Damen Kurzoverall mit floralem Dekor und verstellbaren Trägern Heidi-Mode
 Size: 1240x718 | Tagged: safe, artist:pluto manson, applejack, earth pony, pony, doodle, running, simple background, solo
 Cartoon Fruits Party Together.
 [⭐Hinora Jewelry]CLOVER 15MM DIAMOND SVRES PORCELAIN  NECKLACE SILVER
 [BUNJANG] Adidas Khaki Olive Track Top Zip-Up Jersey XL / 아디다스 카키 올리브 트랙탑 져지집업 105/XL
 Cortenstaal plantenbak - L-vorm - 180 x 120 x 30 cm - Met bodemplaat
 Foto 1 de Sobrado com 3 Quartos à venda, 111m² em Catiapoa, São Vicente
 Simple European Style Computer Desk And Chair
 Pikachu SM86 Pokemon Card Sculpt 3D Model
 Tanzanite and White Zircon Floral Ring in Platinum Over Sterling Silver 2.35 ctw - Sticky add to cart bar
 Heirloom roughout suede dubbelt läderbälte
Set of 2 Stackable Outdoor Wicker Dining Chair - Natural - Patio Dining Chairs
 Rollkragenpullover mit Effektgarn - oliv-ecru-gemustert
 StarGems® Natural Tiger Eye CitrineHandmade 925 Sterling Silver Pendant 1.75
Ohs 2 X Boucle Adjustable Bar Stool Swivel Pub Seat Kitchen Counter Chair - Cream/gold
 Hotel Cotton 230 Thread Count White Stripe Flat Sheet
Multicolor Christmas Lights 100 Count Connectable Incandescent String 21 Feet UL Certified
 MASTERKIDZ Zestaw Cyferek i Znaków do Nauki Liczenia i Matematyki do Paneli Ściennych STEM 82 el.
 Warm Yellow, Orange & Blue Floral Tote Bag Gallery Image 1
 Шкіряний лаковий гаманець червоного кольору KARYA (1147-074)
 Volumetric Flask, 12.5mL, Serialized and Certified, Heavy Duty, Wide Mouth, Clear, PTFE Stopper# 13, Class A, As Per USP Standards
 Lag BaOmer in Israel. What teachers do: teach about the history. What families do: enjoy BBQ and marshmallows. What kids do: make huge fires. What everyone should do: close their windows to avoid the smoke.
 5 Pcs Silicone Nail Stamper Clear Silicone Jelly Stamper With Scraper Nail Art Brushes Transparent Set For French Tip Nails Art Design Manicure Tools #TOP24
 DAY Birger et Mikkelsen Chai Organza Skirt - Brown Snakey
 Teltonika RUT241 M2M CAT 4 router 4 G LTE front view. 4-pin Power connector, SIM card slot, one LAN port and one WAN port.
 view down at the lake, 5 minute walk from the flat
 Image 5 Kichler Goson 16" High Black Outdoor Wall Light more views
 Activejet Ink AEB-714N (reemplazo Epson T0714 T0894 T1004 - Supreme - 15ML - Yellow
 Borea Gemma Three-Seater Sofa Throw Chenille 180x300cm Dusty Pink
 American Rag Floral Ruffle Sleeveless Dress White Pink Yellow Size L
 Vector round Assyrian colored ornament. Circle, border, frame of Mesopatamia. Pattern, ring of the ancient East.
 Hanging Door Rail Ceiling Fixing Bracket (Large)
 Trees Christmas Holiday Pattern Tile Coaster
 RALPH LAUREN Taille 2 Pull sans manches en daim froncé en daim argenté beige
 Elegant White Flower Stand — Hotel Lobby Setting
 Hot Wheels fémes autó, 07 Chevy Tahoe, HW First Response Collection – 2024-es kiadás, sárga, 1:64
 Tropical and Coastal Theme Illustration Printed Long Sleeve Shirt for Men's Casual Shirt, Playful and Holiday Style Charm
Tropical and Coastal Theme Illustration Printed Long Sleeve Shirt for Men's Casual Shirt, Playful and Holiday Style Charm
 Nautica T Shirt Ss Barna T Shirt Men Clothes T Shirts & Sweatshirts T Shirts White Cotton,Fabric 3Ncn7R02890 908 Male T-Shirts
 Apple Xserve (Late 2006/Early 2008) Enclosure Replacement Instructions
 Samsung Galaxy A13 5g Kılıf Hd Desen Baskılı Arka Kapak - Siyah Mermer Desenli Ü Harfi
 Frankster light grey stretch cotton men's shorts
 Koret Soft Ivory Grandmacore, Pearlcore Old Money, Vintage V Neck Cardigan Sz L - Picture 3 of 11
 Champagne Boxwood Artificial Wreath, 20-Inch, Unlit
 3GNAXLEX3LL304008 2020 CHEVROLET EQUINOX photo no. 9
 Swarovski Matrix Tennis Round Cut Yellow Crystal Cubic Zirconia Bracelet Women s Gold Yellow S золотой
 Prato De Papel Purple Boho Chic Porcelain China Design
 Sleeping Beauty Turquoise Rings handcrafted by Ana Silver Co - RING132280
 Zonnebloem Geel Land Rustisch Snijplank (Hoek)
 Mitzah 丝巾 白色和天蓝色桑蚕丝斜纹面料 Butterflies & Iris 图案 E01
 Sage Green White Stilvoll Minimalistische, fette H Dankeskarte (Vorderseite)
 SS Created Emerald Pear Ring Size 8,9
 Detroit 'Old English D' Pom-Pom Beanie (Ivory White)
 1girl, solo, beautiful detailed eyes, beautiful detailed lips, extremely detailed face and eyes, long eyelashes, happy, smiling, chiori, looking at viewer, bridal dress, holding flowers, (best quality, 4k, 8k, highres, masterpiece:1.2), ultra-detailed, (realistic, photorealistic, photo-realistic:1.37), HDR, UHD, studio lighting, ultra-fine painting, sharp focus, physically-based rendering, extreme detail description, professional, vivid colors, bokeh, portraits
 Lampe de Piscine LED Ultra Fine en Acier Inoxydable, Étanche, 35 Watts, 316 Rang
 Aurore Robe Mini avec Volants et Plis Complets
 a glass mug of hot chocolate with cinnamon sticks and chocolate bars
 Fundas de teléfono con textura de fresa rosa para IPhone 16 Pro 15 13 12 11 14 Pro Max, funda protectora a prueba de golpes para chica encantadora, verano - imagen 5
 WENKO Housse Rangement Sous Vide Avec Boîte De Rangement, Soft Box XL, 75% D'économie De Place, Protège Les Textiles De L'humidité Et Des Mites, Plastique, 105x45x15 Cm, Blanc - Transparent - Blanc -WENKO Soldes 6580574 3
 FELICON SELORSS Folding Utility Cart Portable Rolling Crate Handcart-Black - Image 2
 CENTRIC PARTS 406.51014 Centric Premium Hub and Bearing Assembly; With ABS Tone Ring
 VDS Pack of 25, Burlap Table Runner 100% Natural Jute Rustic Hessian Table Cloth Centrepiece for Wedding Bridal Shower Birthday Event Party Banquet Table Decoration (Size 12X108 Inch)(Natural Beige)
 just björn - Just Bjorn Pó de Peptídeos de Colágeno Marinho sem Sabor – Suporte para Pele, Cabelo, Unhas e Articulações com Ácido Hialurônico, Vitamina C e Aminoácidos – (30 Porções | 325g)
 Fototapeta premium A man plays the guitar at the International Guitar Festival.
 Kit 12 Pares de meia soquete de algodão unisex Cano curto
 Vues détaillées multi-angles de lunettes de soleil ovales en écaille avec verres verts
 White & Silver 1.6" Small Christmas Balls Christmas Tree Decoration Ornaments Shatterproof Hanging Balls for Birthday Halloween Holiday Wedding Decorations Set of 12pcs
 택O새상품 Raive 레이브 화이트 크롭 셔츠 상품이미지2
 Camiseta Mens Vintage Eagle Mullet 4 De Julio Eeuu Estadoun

##############################

▶ Goal of the exercise
Restate exactly each line of the data from the one bearing "Vues détaillées multi-angles" to the end, and add nothing.

▶ Answer area
 Vues détaillées multi-angles de lunettes de soleil ovales en écaille avec verres verts
 White & Silver 1.6" Small Christmas Balls Christmas Tree Decoration Ornaments Shatterproof Hanging Balls for Birthday Halloween Holiday Wedding Decorations Set of 12pcs
 택O새상품 Raive 레이브 화이트 크롭 셔츠 상품이미지2
 Camiseta Mens Vintage Eagle Mullet 4 De Julio Eeuu Estadoun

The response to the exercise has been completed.